A Siena manca solo il mare, per essere la città ideale.

Questo pensa l’architetto ecologista palermitano Michele Grassadonia  (Luigi Lo Cascio) che ha adottato un nuovo stile di vita: da un anno non utilizza l’acqua corrente e l’energia elettrica. Una notte, mentre la pioggia cade battente, l’uomo si trova ad affrontare degli strani avvenimenti.

Esordio interessante alla regia di Luigi Lo Cascio che riesce a mettere in equilibrio più generi differenti; iniziando la pellicola come una commedia per poi trasformarla in un grottesco thriller.

Il personaggio di Michele, come un moderno Leonardo Da Vinci, si circonda di invenzioni per continuare a vivere lo stile di vita che si è proposto e che strizza l’occhio al green power e a tutti gli enti ecologici della nostra Italia. Al tempo stesso, però, Lo Cascio si concentra sul parallelismo del distico Siena-Palermo, inserendo, inevitabilmente, l’autobiografia di uomo immigrato dal sud: Siena è una città ricca di possibilità, ma sospettosa, mentre Palermo ci viene presentata come arcaica.

Sarebbe facile utilizzare l’aggettivo “kafkiano” per descrivere quello che accade al protagonista quando è costretto a venire contro ai propri ideali ed utilizzare la macchina. Da questo momento, infatti, entra in un vortice da incubo mentale, ma che ci viene presentato come reale. Un film che vive di “Se” e che si inerpica nell’ambiguità dell’esistenza di un uomo il quale, dopo aver passato un turning point, si trova ad affrontare se stesso, con una facciata di convinzioni che internamente stanno crollando una a una. Dopo quella notte di pioggia si trova ad affrontare un se stesso nascosto, un posto pullulato da demoni interiori con il quale Michele (ma il senso collettivo del racconto è molto forte) è costretto ad affrontare.

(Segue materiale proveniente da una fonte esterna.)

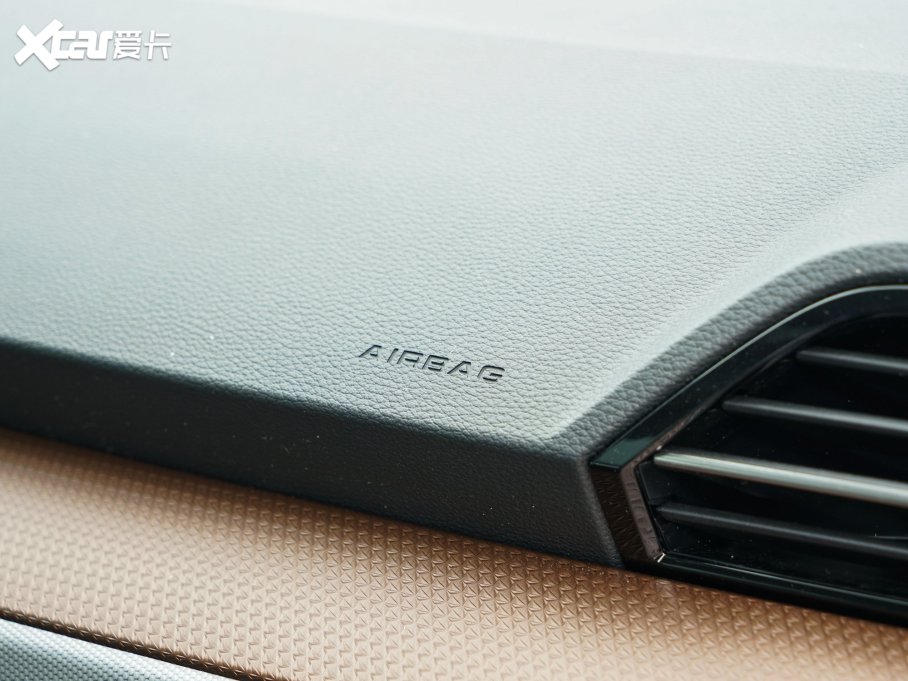 2023WQ3 35 TFSI r(1.4T)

Siena, la città ideale, non diventa più tale perché è lo specchio dei suoi incubi sopiti, quelli che aveva deciso di lasciare nella sua città natale e che qui vengono risvegliati. Siena non è più la luce, ma diventa ombra esattamente come la sua Palermo.
Questa oscurità è la stessa che pervade l’intera pellicola e il protagonista che porta lo spettatore ad un climax di crescente disagio, in un film straniante e strano.